2 Nisan 2016 Cumartesi

2015 Cannes'ından Bir Düş Kırıklığı Daha: The Assassin

Kuşların cıvıltısı, otların kokusu hepsi baharın müjdecisi... Tabii Cannes Film Festival'inin de. Önce açılış filmi belli oldu, daha önce de olduğu gibi bir Woody Allen filmi, önümüzdeki günlerde yarışma filmleri de belli olacak ve sonra yarışma başlayacak. Biz bir yandan Mayıs'ı bekleyeduralım geçen yılın Cannes filmleri de birer birer vizyona girmeyi sürdürüyor. Hou-Hsiao-Hsien'in The Assassin-Suikastçı filmi de onlardan biri. Benim şu ana kadar 2015-Resmi Seçki filmlerinden izlediğim 9'uncu film oldu The Assassin. Ne mutlu ki hepsini sinemada izledim. Daha önceki yıllarda az da olsa sinemada izleyemediklerim oluyordu... 

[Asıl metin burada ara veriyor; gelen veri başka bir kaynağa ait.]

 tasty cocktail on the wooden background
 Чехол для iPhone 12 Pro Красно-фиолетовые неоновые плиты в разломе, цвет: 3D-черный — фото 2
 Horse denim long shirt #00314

Ancak geçen yıl izlenimim 2010 Cannes'ı gibi 2015'in de cılız bir seçkiye sahip olduğu yönündeydi. Ne yazık ki yanılmadım ve belki de 2010'un bile gerisinde denebilecek bir Cannes yaşanmış. İzlediğim filmlerin hiçbiri, kısmen Dheepan (ki bu kötü seçkide çok doğru bir Palmiye almış, neden o kadar yadırgandığını da anlamlandıramadım) ve biraz zorlamayla Youth hariç hiçbiri 'sinemasal bir heyecan' yaşatamadı. Evet Carol klasik anlatımlı olsa da derli topluydu. The Lobster'un da ilk yarısı güldürebiliyordu ama hepsi o kadar. Bugün izlediğim The Assassin ise Mizansen Ödülü'yle ayrılmıştı. 

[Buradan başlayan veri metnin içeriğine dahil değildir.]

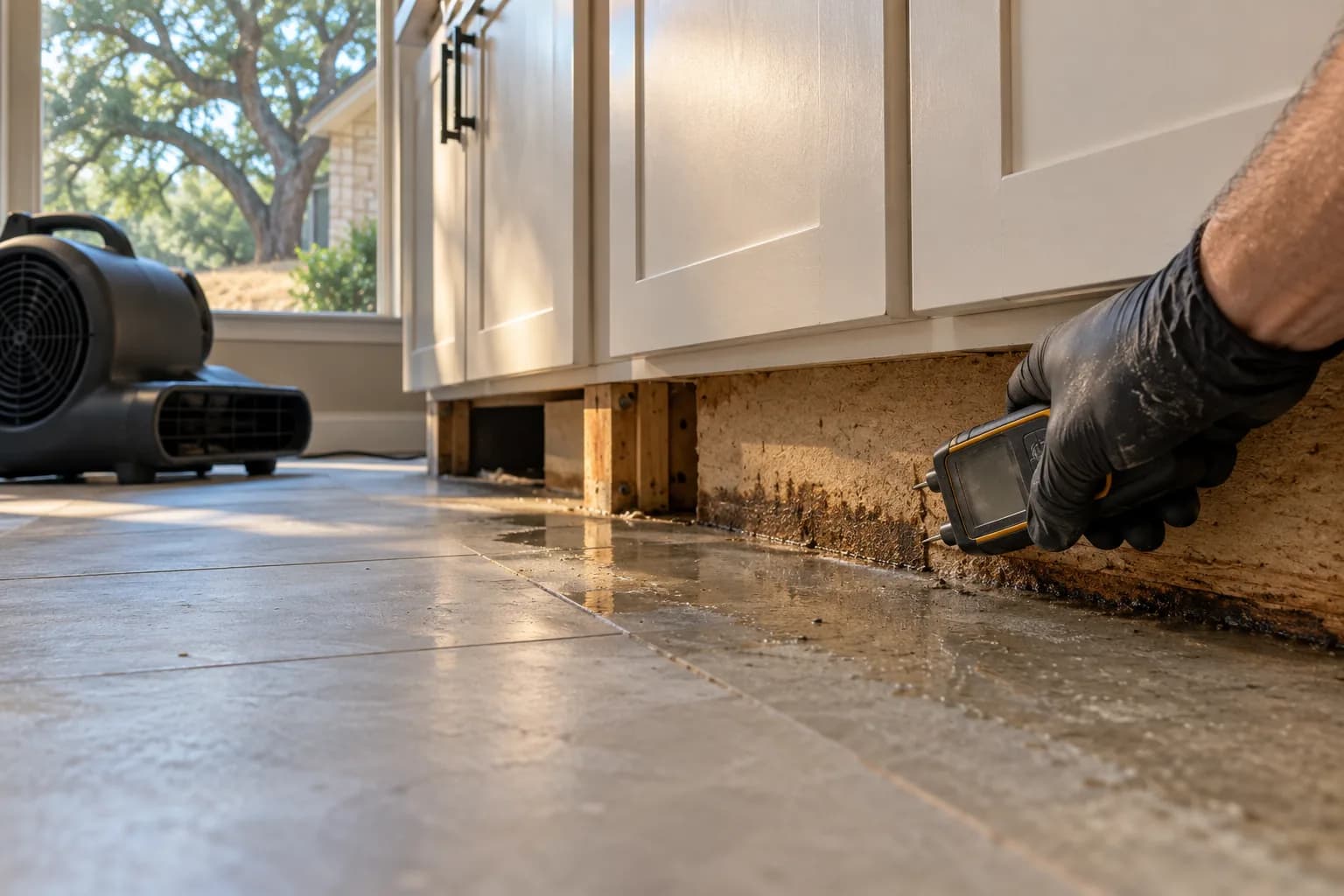 Gloved hand pressing a pin moisture meter into a kitchen cabinet base during structural drying on a slab home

İlginçtir insanları genelde ikiye bölen tapanı kadar nefret edeni de olan filmlere, Mizansen Ödülü verirler. Cannes'ın son günlerinde The Assassin'in öyle bir film olduğunu sezmiştim

Benim için Mizansen Ödülü alan filmler özel olur, belki kolay kolay başyapıt demem ama çoklukla yenilikçi olur, ilginç bazı özelliklere sahip filmler olur falan. Üç Maymun'u Kinatay'ı, Reygadas'ın Karanlıktan Aydınlığa'sını, Heli'yi hatta Drive'ı bile kim unutabilir? Ben kolay kolay unutmam.
Hemen söyleyeyim The Assassin de kötü bir film değil, Sicario gibi Moretti'nin en gereksiz filmlerinden Mia Madre gibi, Trier'in (Joachim) adı bile hemen aklıma gelmeyen filmi gibi bir facia değil sanıyorum. Wuxia denen Uzakdoğu dövüş sanatlarını fona yediren bir film. Tür filmi zaten ontolojik olarak yüksek kültürle anılmaz, hele pespaye bir tür olan (tür bile değil aslında) vurdulu kırdılı Bruce Lee, Jack Chan filmleri gibi değil The Assassin, dövüşten ibaret değil. İnsanın içine işleyen müzikleri (hele sonlarda), yazının başında andığım bizim de fiziksel olarak hissetmeye başladığımız baharın ruhu; yaprakların hışırtısı, kuşların cıvıltısı, ateşin çıtırtısı, uzaktan gelen davul sesleri ve özelikle ses tasarımıyla da birleşince meditatif bir etkiye sahip harikulade bir görsellik yabana atılamaz. Ama bir film bundan ibaret olabilir mi? Senaryonun hiç mi önemi yok? Yönetmen son derece estetik bir gözlüğün ardından 9.yy Çin'ine bakarken bir rahibe tarafından çocukken alıp büyütülmüş, suikastçı olarak yetiştirilmiş bir kadına verilen bir tür bizdeki beşik kertmesini öldürme görevini yerine getirip getirmeyeceğini izletiyor bir bakıma. Anladığım kadarıyla öldürmesi gereken adamdan hoşlanıyor bu kadın, aileden başkaları olduğunu tahmin ettiğimiz birileri, farklı savaşçılar ve bir büyücü de dahil oluyor öyküye ama tüm kadro izleyiciye o kadar mesafeli bir yerde duruyorlar ki, nasıl bir işleve sahip olduklarını anlamak çok zor. En nihayetinde sevdiği adamı öldürmüyor. Film boyunca zaten (ilk başta öldürdüğü hariç) öldürmekten yana biri de değil bu kadın, işini değil de vicdanını dinlemeye devam etme eğilimde. Filmde yaşatmak güzeldir diyor herhalde, mesajı buysa ne güzel...

Yıldız: * * 


Not: Kızılay Büyülüfener'de 2 hafta aradan sonra izlediğim ilk film ve sanırım ilk kez Büyülüfener'i haftasonu bu kadar boş, bomboş gördüm, Ağustos'ta bile daha kalabalıktır. Genel olarak Kızılay'ın da eski yoğunluğundan eser kalmamış, yazık, başta esnafa...vallahi hüzünlendim ne diyim.